Have you ever wondered how big the “large primes” that RSA encryption is based on really are? What exactly does a “1024-bit” key mean anyway? And if the difficulty of RSA is partially based on factoring large numbers, how do we create these large primes without determining primality via factorization?

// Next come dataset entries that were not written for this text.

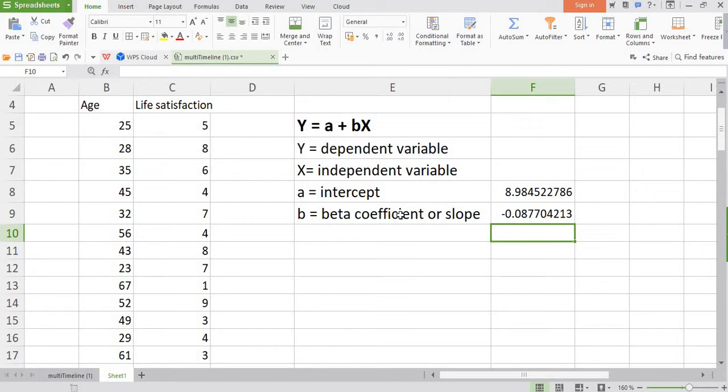How much? Since the beta coefficient value is 0.088, that means if age increases by one year, life satisfaction declines by 0.088 units.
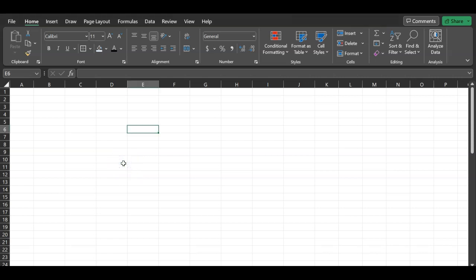Hi everyone. In this video I will go over a problem in Excel that will show you how you can determine what portion of your loan payment is going towards paying the principal and what portion is going towards making the interest payments. Similar problems have also appeared in the quantitative methods section of the CFA Level 1 exam.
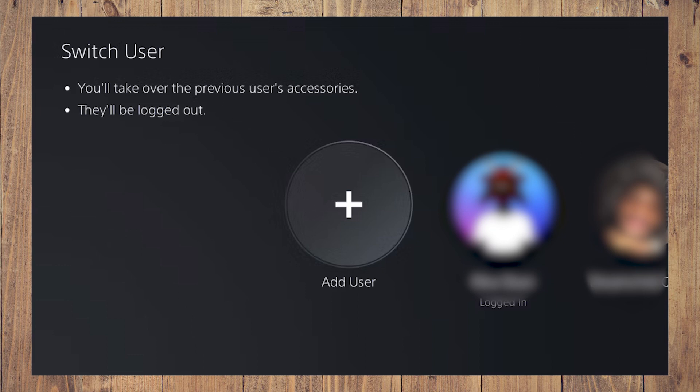Select add user from the resulting menu and choose get started. Don't choose sign in, as that will create a guest account on your PS5.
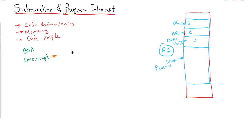The first and last approaches are not preferable. Why? Because in both cases we will lose something — in the first case we lose the interrupt, and in the second case we lose the executed instructions of the process. So the second approach is preferable.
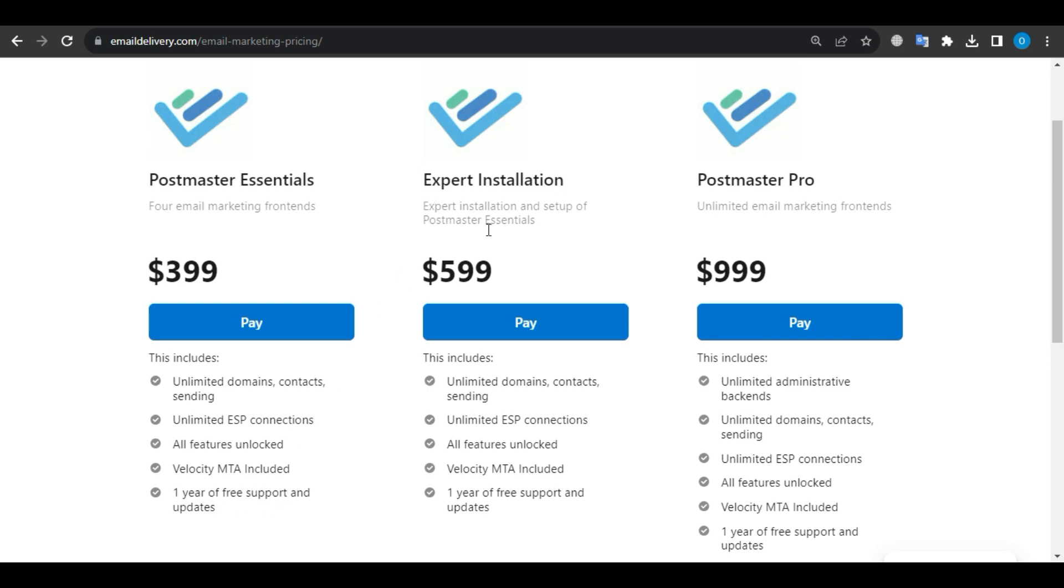Expert Installation. For $599, you get the same as the Postmaster Essential Plan plus Expert Installation and Setup.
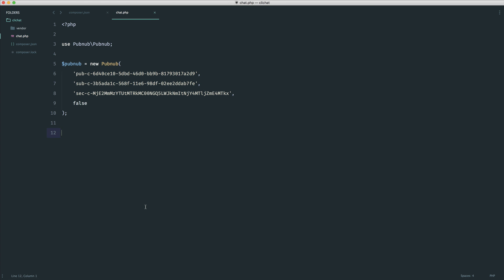Now we are pretty much set up so we can subscribe to a channel and start listening to things. In the next part we're going to pull all of this together. There isn't a lot of code at all, so let's go over and build this chat.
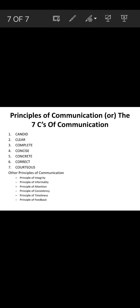With this, students, we complete this session where we understood the principles of communication, the process of communication, and the objectives of communication. In the next session we shall cover more aspects about communication. Thank you very much.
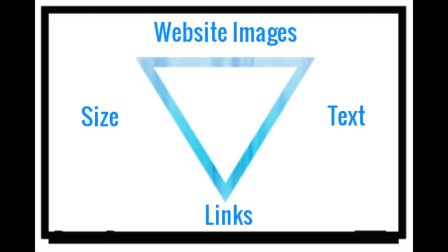Hey team, Brad Smith here, HealthLink. Today I want to talk about images, size, text, and linking.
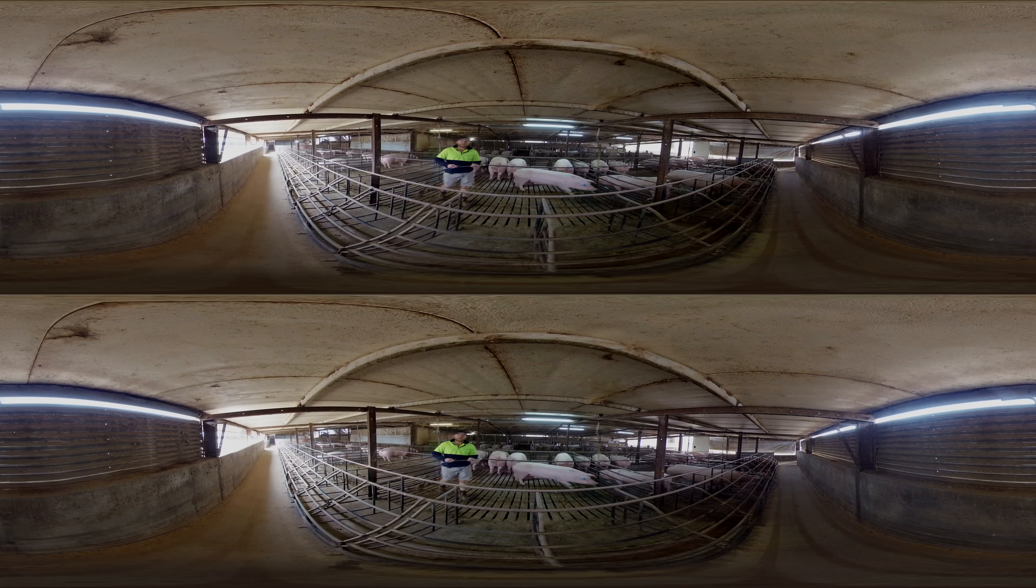The sows will also eat some of this straw. It's good for a bit of fiber but also something so they don't get bored. Then these sows, five days prior to them being due to farrow, will then move them out in their batches across into the next shed. We'll put them into their farrowing crate so they can safely deliver their piglets.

The easiest way to demonstrate these concepts is with a simple script, so let’s take a look at a large random number generator I wrote1 using Python. As is typical for this blog, you’ll note that the random numbers are not cryptographically secure. To make these examples simple I don’t want to introduce external dependencies, but please keep that issue in mind for any serious applications of the code presented here.

import random
import math
import sys

def rabinMiller(n):
     s = n-1
     t = 0
     while s&1 == 0:
         s = s/2
         t +=1
     k = 0
     while k<128:
         a = random.randrange(2,n-1)
         #a^s is computationally infeasible.  we need a more intelligent approach
         #v = (a**s)%n
         #python's core math module can do modular exponentiation
         v = pow(a,s,n) #where values are (num,exp,mod)
         if v != 1:
             i=0
             while v != (n-1):
                 if i == t-1:
                     return False
                 else:
                     i = i+1
                     v = (v**2)%n
         k+=2
     return True

def isPrime(n):
     #lowPrimes is all primes (sans 2, which is covered by the bitwise and operator)
     #under 1000. taking n modulo each lowPrime allows us to remove a huge chunk
     #of composite numbers from our potential pool without resorting to Rabin-Miller
     lowPrimes =   [3,5,7,11,13,17,19,23,29,31,37,41,43,47,53,59,61,67,71,73,79,83,89,97
                   ,101,103,107,109,113,127,131,137,139,149,151,157,163,167,173,179
                   ,181,191,193,197,199,211,223,227,229,233,239,241,251,257,263,269
                   ,271,277,281,283,293,307,311,313,317,331,337,347,349,353,359,367
                   ,373,379,383,389,397,401,409,419,421,431,433,439,443,449,457,461
                   ,463,467,479,487,491,499,503,509,521,523,541,547,557,563,569,571
                   ,577,587,593,599,601,607,613,617,619,631,641,643,647,653,659,661
                   ,673,677,683,691,701,709,719,727,733,739,743,751,757,761,769,773
                   ,787,797,809,811,821,823,827,829,839,853,857,859,863,877,881,883
                   ,887,907,911,919,929,937,941,947,953,967,971,977,983,991,997]
     if (n >= 3):
         if (n&1 != 0):
             for p in lowPrimes:
                 if (n == p):
                    return True
                 if (n % p == 0):
                     return False
             return rabinMiller(n)
     return False

def generateLargePrime(k):
     #k is the desired bit length
     r=100*(math.log(k,2)+1) #number of attempts max
     r_ = r
     while r>0:
        #randrange is mersenne twister and is completely deterministic
        #unusable for serious crypto purposes
         n = random.randrange(2**(k-1),2**(k))
         r-=1
         if isPrime(n) == True:
             return n
     return "Failure after "+`r_` + " tries."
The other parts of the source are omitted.